An interviewer just asked me the question following my usual call for markets in everything. It’s probably the 100th time this has happened. The question amazes me because the implication behind it implies that markets serve primarily the rich.
It’s hard to imagine a more profound confusion. The default state of the world is grueling poverty, universal insecurity, and short lives. When governments do come along, they nearly always serve themselves first.
The most earth-shattering change in this persistent trend of all recorded history came with the advent of capitalism. For the first time in history, the productive resources of society turned from serving mainly the elites toward serving the common person. This change alone began to flip the power narrative of social evolution.
And this revolution continued for two some two-hundred years, during which time the average life span expanded dramatically, infant mortality collapsed, incomes rose, and the great project of universal ennoblement achieved an unprecedented boost. And this trend continues today wherever markets are given freedom to function, property rights are secure, and people can associate and trade without molestation by the elites.

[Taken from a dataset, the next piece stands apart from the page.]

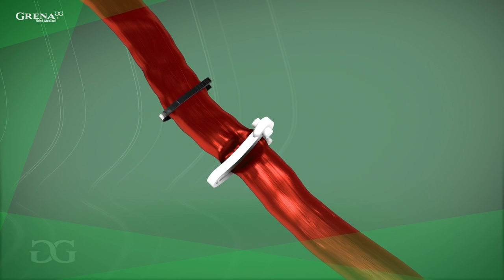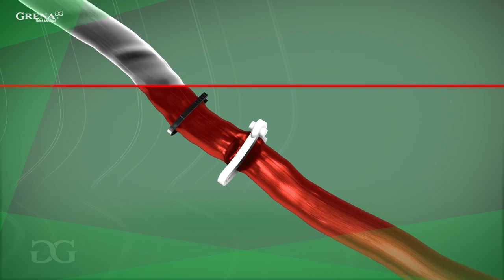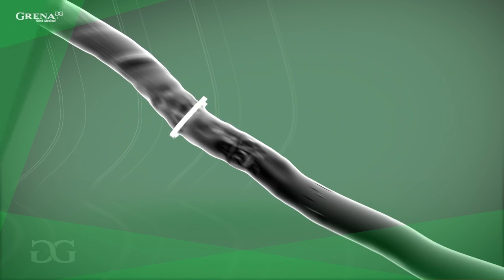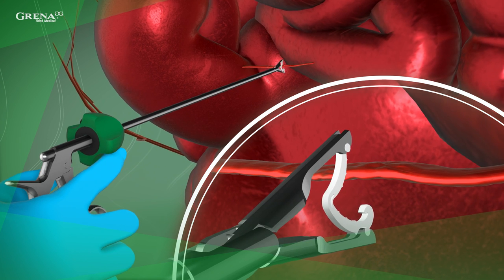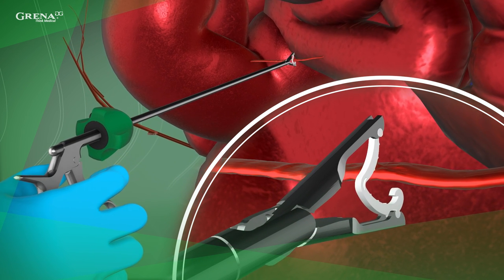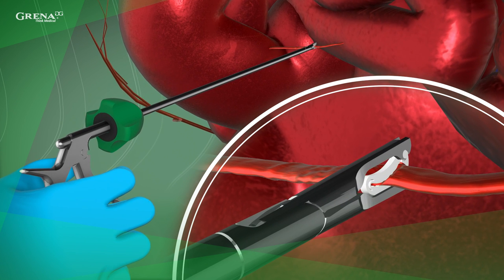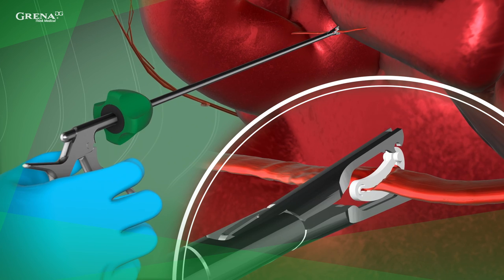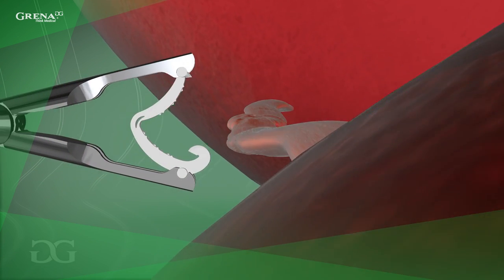We recommend polymer clips as opposed to titanium ones because they don't interfere with CT and MRI imaging, providing a higher level of safety. During the application, rotate the endo-applier shaft so that the single tooth of the clip will go down and can be seen from the top and side at a time. This allows the user to visually confirm encapsulation of the structure being ligated. When applying the clip, the closing of the clip has to be visible to the operator.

In short, capitalism made huge progress toward the conquest of poverty. This is the title of a great book by Henry Hazlitt, and the newest free epub release by the Foundation for Economic Education. It tells the story of wealth creation in modern times. It should be downloaded and read by anyone who cares about a society of flourishing lives.
The common presumption that markets serve the rich and governments serve the poor is belied by all evidence.

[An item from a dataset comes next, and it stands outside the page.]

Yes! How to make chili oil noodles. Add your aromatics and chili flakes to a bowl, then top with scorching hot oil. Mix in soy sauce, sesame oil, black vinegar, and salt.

Think only of the early years of “progressive” reform of government during which time the administrative state came into its full glory, between 1900 and 1920 in the United States. The power of the state was used to exclude, segregate, sterilize, and even quietly exterminate the weakest among the population while bolstering the power of in-groups and the establishment.
Eugenics, a prevailing ideology in these years, required government to realize its aims. So many policies in those years answered the question “what about the poor?” in the following way: we will wipe them out.
In the second half of the century, the excuse for massive welfare, regulatory, and tax policies changed. We were now told that all of this would be good for the poor. This has not been the case. The more government tries to “help,” the more the poor are denied choice, mired in dependency, exploited by bureaucrats and politicians. You only need visit a courtroom in any major city in the US to discover that government is the leading threat and most dangerous menace to the just aspirations of the poor.
So, yes, we need a war on poverty. Only markets can wage it successfully.